From Acme Attractions/BOY founder Steph Raynor‘s Lifestyle Co in Spitalfields to Lloyd Johnson’s sorely-missed Tiki-themed store in Portobello Road (which also sold lounge records, South Seas artefacts and Spaceman watches), many other individuals in THE LOOK caste their nets wider than fashion – and long before every Tom, Dick or Harriet branched into perfumery, handbags and eye-wear.
//Paul Smith in his first Nottingham store, early 70s. Pic: Paul Smith//
Paul Smith’s first store in Nottingham included an art gallery in the basement named after pioneering graphic design group Pushpin, for example, while his first London store (opened 1979) set the template for his world-beating “lifestyle” formula, retailing all manner of era-defining goods including the Filofax and James Dyson’s G-Force vacuum-cleaners.
Smith has placed his trademark stripe on HP Sauce bottles, Bonneville bikes and bicycles and collaborated with leading architects and interior designers to keep his retail offer fresh; among the stores designed by Sophie Hicks is his “shop within a house” in Notting Hill.
More recently Eley Kishimoto have earned themselves the nickname “the patron saints of print” by effortlessly moving between print design, high fashion, interiors and architecture. Their famous “red flash” print graces clothing, Converse trainers, a Bearbrick and a G-wizz which can be seen buzzing to and from their South London studio.
//Eley Kishimoto’s red flash Bearbrick//
Among the exemplars in this field is Paul Reeves. His labels Sam Pig In Love and Alkasura Wholesale and Fulham Road store The Universal Witness proved a magnet for stars such as The Beatles, The Stones, Hendrix and Led Zeppelin and David Bowie in the late 60s and early 70s.
//From Ideal Home magazine 1976//
Reeves – whose The Best Of British Design auction and exhibition opens at Sotheby’s next week – made his break from fashion retailing in 1973 with a very unusual money-no-object commission; the awesome Led Zep manager Peter Grant invited him to refurbish his new Kensington mews house from top-to-bottom.
//From The Observer magazine 1975//
The job took nearly two years, at a time when the 6ft 5in Grant (who died in 1995) was travelling the world with the biggest-selling rock group of all time.”I told him I’d only do it if he didn’t come near,” Reeves says in THE LOOK. “I involved friends from the Royal College and we did everything from cutlery to textiles.”
Prominent among Reeves’ collaborators was architect and artist Jon Wealleans; when the job was finished the pair were featured in The Observer and Ideal Home magazines, excerpts from which THE LOOK exclusively features today after more than three decades.

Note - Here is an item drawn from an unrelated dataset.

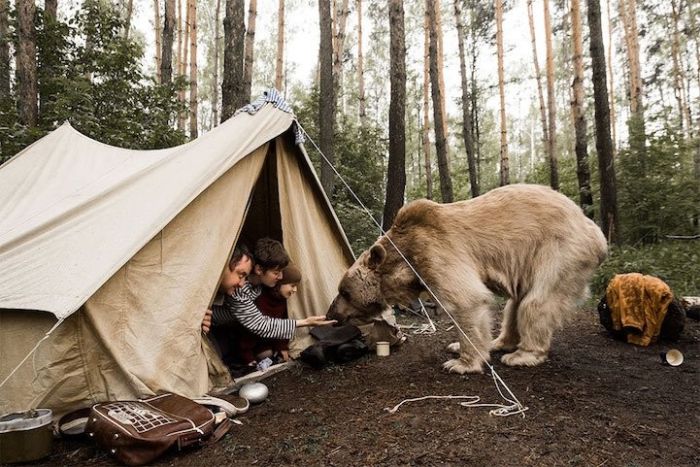 pet bear with a family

The scale of the undertaking is impressive; every detail of every room has been addressed, often to dizzying effect. Wealleans created a plaster-covered spiral staircase and furniture which drew on Ettore Sotsass’ Memphis design collective. One of the tables was supported by cylindrical legs made of Lalique glass.
Both Wealleans and Reeves recall the trepidation they felt when Grant – whose fearsome reputation was backed up by his hulking frame (he was 23 stone by the time he was 23 and had been a wrestler and bouncer in his time) – finally viewed the job.
//Peter Grant on the road with Led Zep 1974. Pic: Bob Gruen//
“I opened the door and it may be a cliché, but he literally blotted out the sun,” laughs Wealleans. Reeves, meanwhile, had prudently put some champagne on ice. “He spent around five minutes looking around, not saying a word,” says Reeves.”Then he pronounced. ‘I gotta say Paul…it’s fucking amazing!’ We got the champagne out and a couple of grams of coke and everything was alright!”